Dr. Kristin Neff is an expert in the area of self-compassion, and this is one of her (many) definitions on this subject I absolutely love:
“Self-compassion involves acting the same way towards yourself when you are having a difficult time, fail, or notice something you don’t like about yourself. Instead of just ignoring your pain with a ‘stiff upper lip’ mentality, you stop to tell yourself, ‘This is really difficult right now, how can I comfort and care for myself in this moment?”
One of the most important aspects of my healing and my work with women was discovering the power of heartfelt emotions. It is incredibly healing to feel warm feelings towards ourselves.

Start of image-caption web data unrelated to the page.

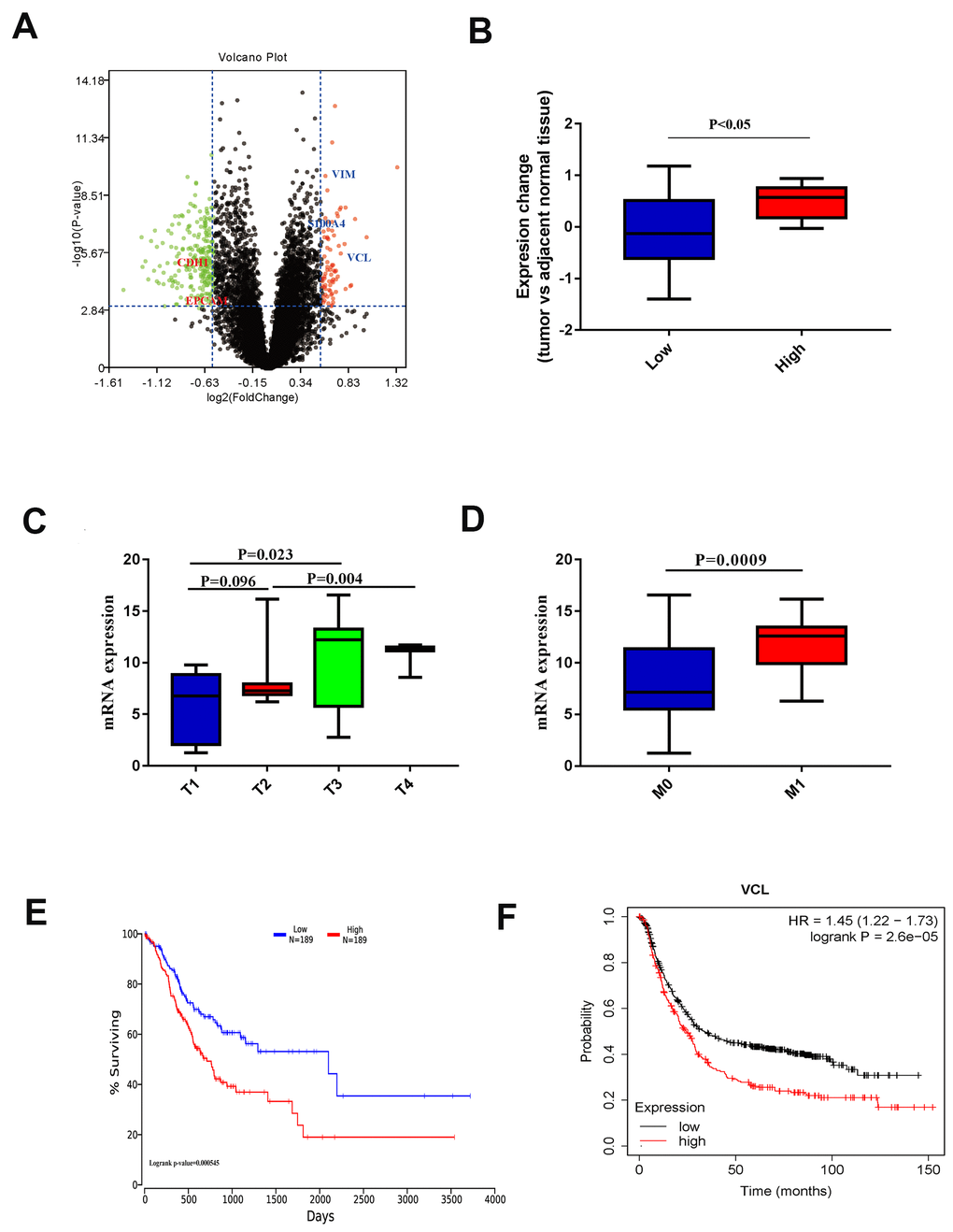 (A) Volcano plot of different EMT histone protein expression. (B) Protein expression of VCL in different EMT groups. (C) VCL expression in different T stages. (D) VCL expression in different M stages. (E) Kaplan-Meier survival curves of overall survival in TCGA GC patients based on VCL mRNA expression. Log-rank test was used to compare differences between two groups. (F) Kaplan-Meier survival curves of overall survival in GEO GC patients based on VCL mRNA expression. Log-rank test was used to compare differences between two groups.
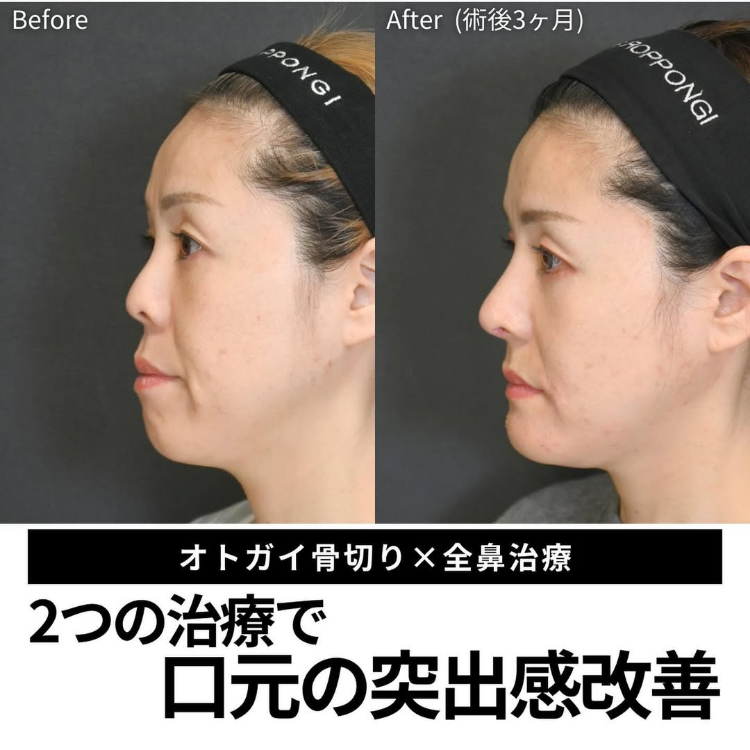 症例写真17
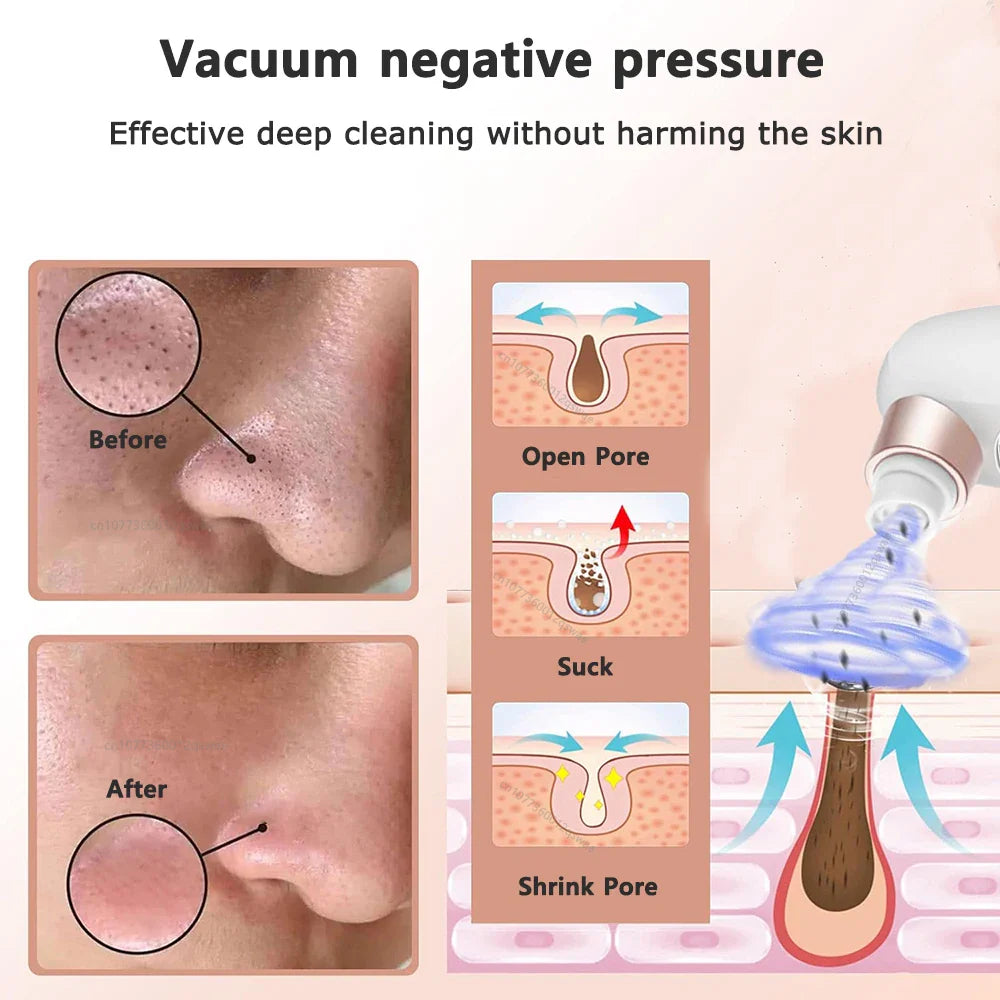 BowLift | Acne Black Head Deep Clean Removal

As Martin Luther King said, “Darkness cannot drive out darkness, only light can do that. Hate cannot drive out hate, only love can do that.”
We can say then that self-judgment, guilt, and harsh self-criticism cannot drive out trauma and shame; only love, kindness, and compassion can do that.
Here are 4 exercises to practice self-compassion.
Exercise #1 Use mindfulness to practice self-compassion
Find a comfortable place and close your eyes. Place your left hand on your heart center (heart chakra) and your right hand on your belly. Take three deep belly breaths. Inhale through your nose for 4 and feel your belly expand. Then exhale through your mouth for 8 and feel your belly collapse.
You can keep your hands where they are and repeat these three statements.
“May I be well.”
“May I be peaceful.”
“And may my heart be at ease.”
Repeat as many times as you need, until you feel more ease and warmth in your heart.
Exercise #2 Explore your inner critic
What often holds you down are not things that happen around you, but rather your internal dialogue.
For many of us, inner harsh criticism is a common approach to ourselves. Therefore, learning how to practice self-compassion is extremely important.
This practice comes in 3 steps:
Step #1 Recognize what your inner critic says. Pay close attention to the words or phrases you use when you do something you don’t like. E.g., eating too many cupcakes or not completing your to-do list. Be as specific as possible. This will help you in the future to recognize this inner critic faster.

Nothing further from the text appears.